Shock Formation in Lovelock Theories

TL;DR

Lovelock theories of gravity can develop shocks due to nonlinear propagation of disturbances, unlike General Relativity, which may impact their stability and cosmic censorship.

Contribution

This paper demonstrates that Lovelock gravity theories can form shocks through nonlinear wave propagation, a phenomenon absent in General Relativity.

Findings

Shock formation occurs in Lovelock theories with certain backgrounds.

Shock formation is absent in flat spacetime but present in plane wave backgrounds.

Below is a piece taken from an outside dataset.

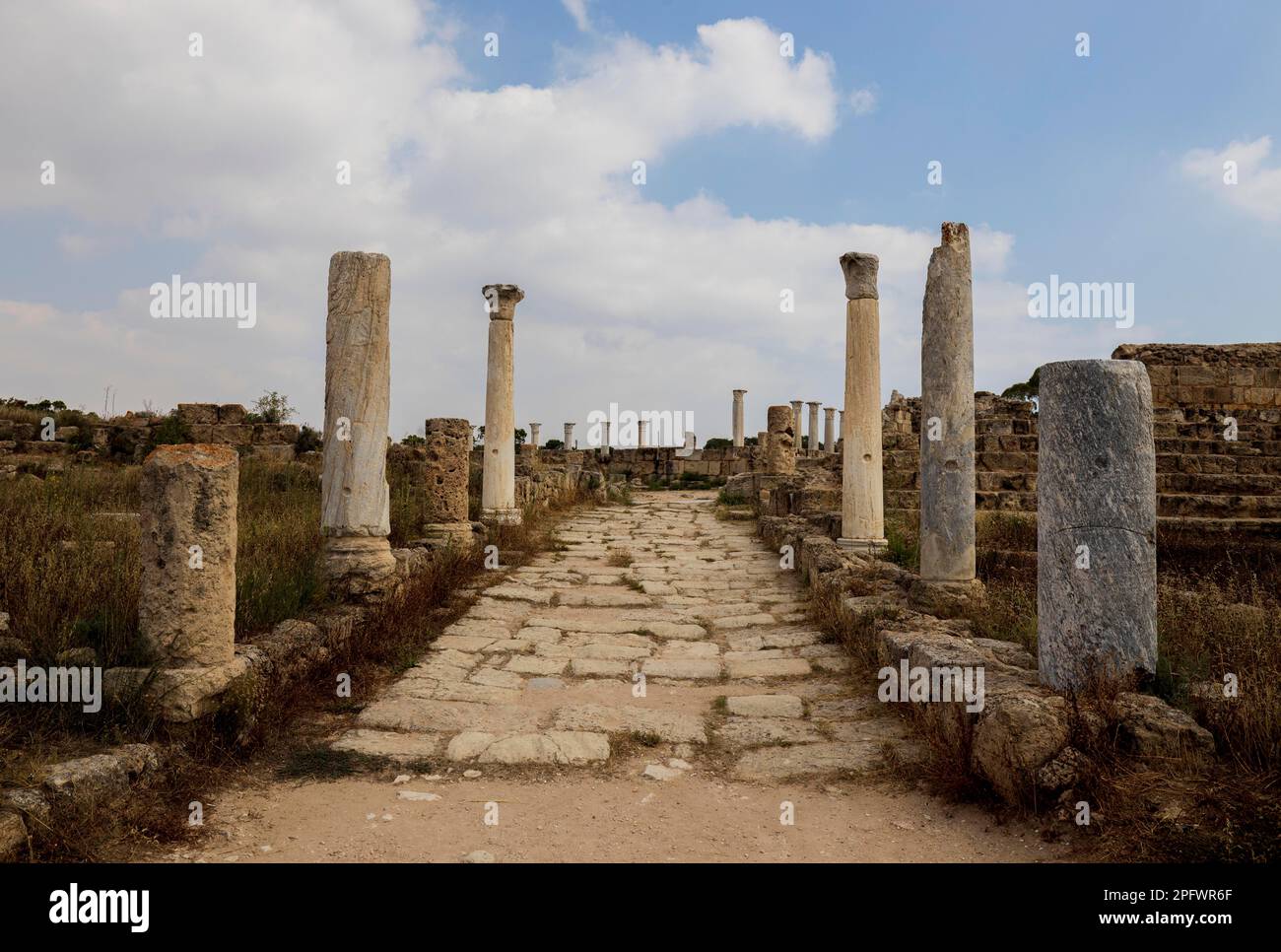 7 juin 2022, Famagusta, Chypre : colonnes du gymnase de Salamis avec plusieurs bains romains à proximité. Salamis était une ancienne cité-état grecque sur la côte est de Chypre, à l'embouchure de la rivière Pedieos, près de Famagouste moderne. Le fondateur de Salamis était Teucer, fils de Telamon, roi de l'île grecque de Salamis, qui ne pouvait pas rentrer à la maison après la guerre de Troie parce qu'il n'avait pas vengé son frère Ajax. Les découvertes archéologiques remontent au XIe siècle avant Jésus-Christ, âge du bronze tardif. Le ''centre culturel'' de Salamis pendant la période romaine a un gymnase, théâtre, amphithéâtre, stade et p Banque D'Images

Implications for cosmic censorship and stability in Lovelock theories.

Abstract

We argue that Lovelock theories of gravity suffer from shock formation, unlike General Relativity. We consider the propagation of (i) a discontinuity in curvature, and (ii) weak, high frequency, gravitational waves. Such disturbances propagate along characteristic hypersurfaces of a "background" spacetime and their amplitude is governed by a transport equation. In GR the transport equation is linear. In Lovelock theories, it is nonlinear and its solutions can blow up, corresponding to the formation of a shock. We show that this effect is absent in some simple cases e.g. a flat background spacetime, and demonstrate its presence for a plane wave background. We comment on weak cosmic censorship, the evolution of shocks, and the nonlinear stability of Minkowski spacetime, in Lovelock theories.